Mistakes made about Muslim violence

Mistakes made about Muslim violence


Mr. Sarkissian makes at least two common mistakes in his Dec. 7 Viewpoint on Islamic violence. First, he equates his experience and research with the totality of possible experiences and the full breadth of research. When a person's proof that something doesn't exist rests on their not having experienced/heard/seen it, you should ask how big their ears are, how diverse their sources and how open their eyes. Mr. Sarkissian professes to have paid close attention, but still managed to miss countless Muslim voices post-9/11 denouncing terrorism. I suspect Mr. Sarkissian is not fluent in Arabic, Javanese and Urdu, for starters, and did not read every regional newspaper and blog or listen to every radio and TV broadcast in the immediate weeks and months after 9/11. His assertion that "there were no Muslim clerics who denounced the attacks"¬ùis not supported by facts, even if he personally can't recall any denunciations (was he waiting for the grand imam of the Al-Azhar Mosque to pay a special visit from Cairo to West Newbury to personally denounce 9/11 and soothe Mr. Sarkissian's concerns?).

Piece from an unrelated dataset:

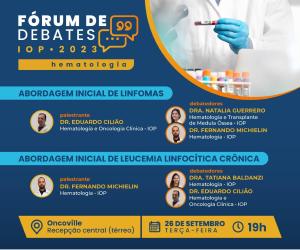 Frum de debates do IOP aborda associao na oncologia e hematologia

Mr. Sarkissian's second mistake is believing Muslims worldwide adhere strictly to a universal set of beliefs or a single prominent voice on matters of religion. Plenty of Muslims practice their faith in a manner similar to Catholics who pick and choose among the Vatican's teachings or Protestants who only make it to church on Christmas and Easter. And much like Protestants who have no pope, Sunni Muslims follow no single cleric or imam. Mr. Sarkissian mistakenly looks for a single or small group of prominent and authoritative pope-like Islamic voices, instead of understanding that Islam is a religion as complex as Christianity, practiced in a wide variety of ways.

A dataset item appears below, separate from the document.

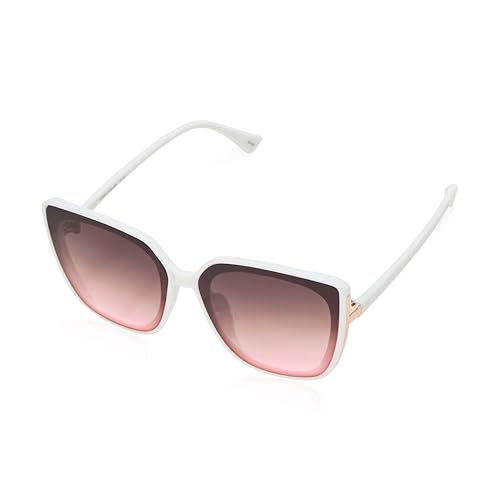 Vince Camuto Óculos de sol feminino olho de gato VC964, branco, 62 mm, Branco, 62 mm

Hopefully, Mr. Sarkissian and others who commented online in support of his letter will at least recognize their mistakes: It may be intellectually easy to believe, but 1) absence of personal knowledge doesn't prove something doesn't exist; and 2) Islam is not a monolithic religion and culture with central authoritative figures. As for the nasty and fantastical assertions (such as, "there are 70,000 Muslims right now in the U.S. whose sole reason for being here is to kill you"): Mr. Sarkissian compounds his other mistakes by having studied Islam and the Koran only enough to confirm his prejudices. If Mr. Sarkissian made those comments publicly about any other religion, he would be shunned for his bigotry and laughed at for his ignorance.